А тут еще отец… После смены он как-то сказал: «Ночью под мои колеса чуть не угодил голубой. А жаль, одним уродом стало бы меньше!» А когда Ли признался, что он тоже гей, Рон озверел. «Ничтожество, опозорил семью!» – кричал он, вцепившись сыну в горло. Джойс его еле оторвала.
Ли и сам стыдился того, что не такой, как другие ребята, а после той сцены ощутил себя полным уродом. Вот бы свести счеты с жестокой судьбой и отцом! Но самоубийство пугало, а от побега из дома удерживала мама.
Джойс верила в талант сына и говорила: «Жизнь у человека одна. И если тебе хочется что-то сделать, то вперед». Но Маккуин-старший из последних сил терпел портновскую блажь младшего. Однажды, уставший как черт, он подошел к столу, за которым копошился сын, и побагровел. Ли увлеченно малевал девицу в пышной юбке и с декольте, увитым разноцветными перьями.

– Ты опять за свое, выродок? – закричал Рон, вырвав у сына альбом. – Был бы нормальным парнем, не занимался бы бесстыдствами!
Все, пора переходить на свой хлеб, решил Ли, бросил школу и сделал первый шаг к будущей профессии.
Телепередача об ателье Anderson & Sheppard заставила Ли забыть об овсянке. На днях он решил стать дизайнером, а это заведение идеально подходило для старта: там работали настоящие виртуозы мужских костюмов, а клиентами была элита общества – лорд Ротшильд, члены британской королевской семьи.
– Может, попробуешь? Вдруг повезет? – сказала Джойс, кивнув в сторону телевизора.
– Ты вправду так думаешь? – просиял Ли и через пару минут уже стоял на пороге.
Видавшие виды джинсы, поблекшая майка и всклокоченная шевелюра придавали ему не лучший вид, но Джойс не стала тормозить сына на пути к мечте.
Оказавшись у дома номер тридцать на Сэвил-Роу, где находилось ателье, Ли вдохнул и распахнул двери. Увиденное его поразило: обитая красным деревом комната, мягкие кожаные кресла. Такое он видел только в кино, но все же сказал: «Я бы хотел поступить к вам в ученики…» – и после недолгой беседы был принят.
– Неделю я буду учить тебя делать стежки, потом – пришивать подкладку, обрабатывать карманы, – сказал наставник. – А к концу обучения ты должен будешь сшить пиджак, готовый к примерке.

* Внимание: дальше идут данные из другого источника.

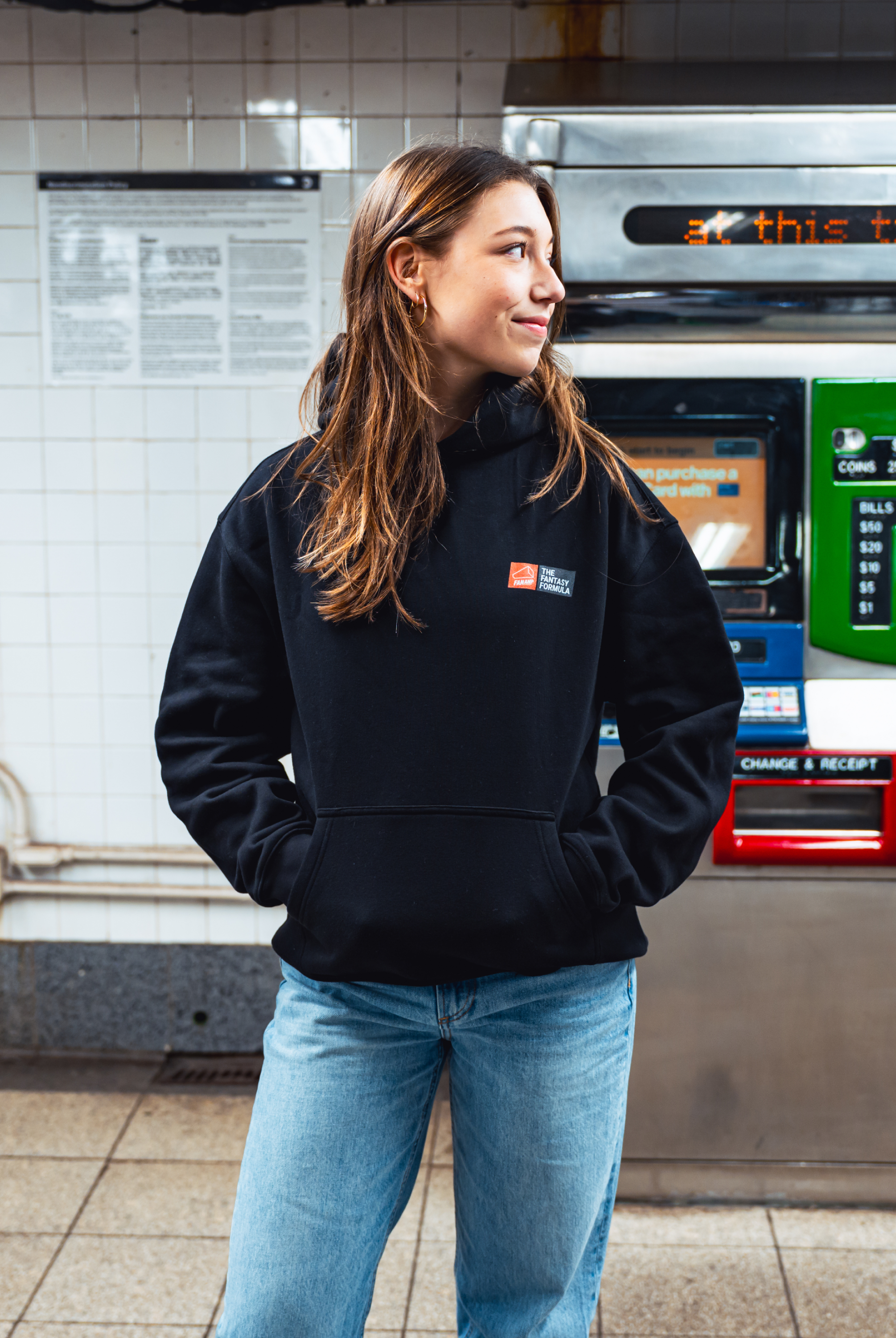 Model in NYC subway showing the front of the Black Fantasy Strategist hoodie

На это уйдет четыре года.
Но Маккуин все схватывал на лету и уложился в два. А потом случилась история, ставшая легендой. Получив задание поработать над пиджаком для принца Чарльза, Ли быстро справился, заскучал и написал на изнанке подкладки непристойность. Эта история впоследствии всплыла благодаря самому проказнику. Поэтому мнения разделились. Одни заверяли, что Маккуин вполне способен на такое. Другие твердили: неправда, наставник бы сразу это заметил и выгнал шутника взашей. И когда камердинер принца прочел о непристойности и обратился в ателье, то пиджак распороли, а там все чисто. Третьи же заверяли: этот миф Маккуин сочинил, чтобы все считали, будто он еще мальчишкой шил для принца. Цели парень достиг, но на ателье бросил тень. А это не делает ему чести.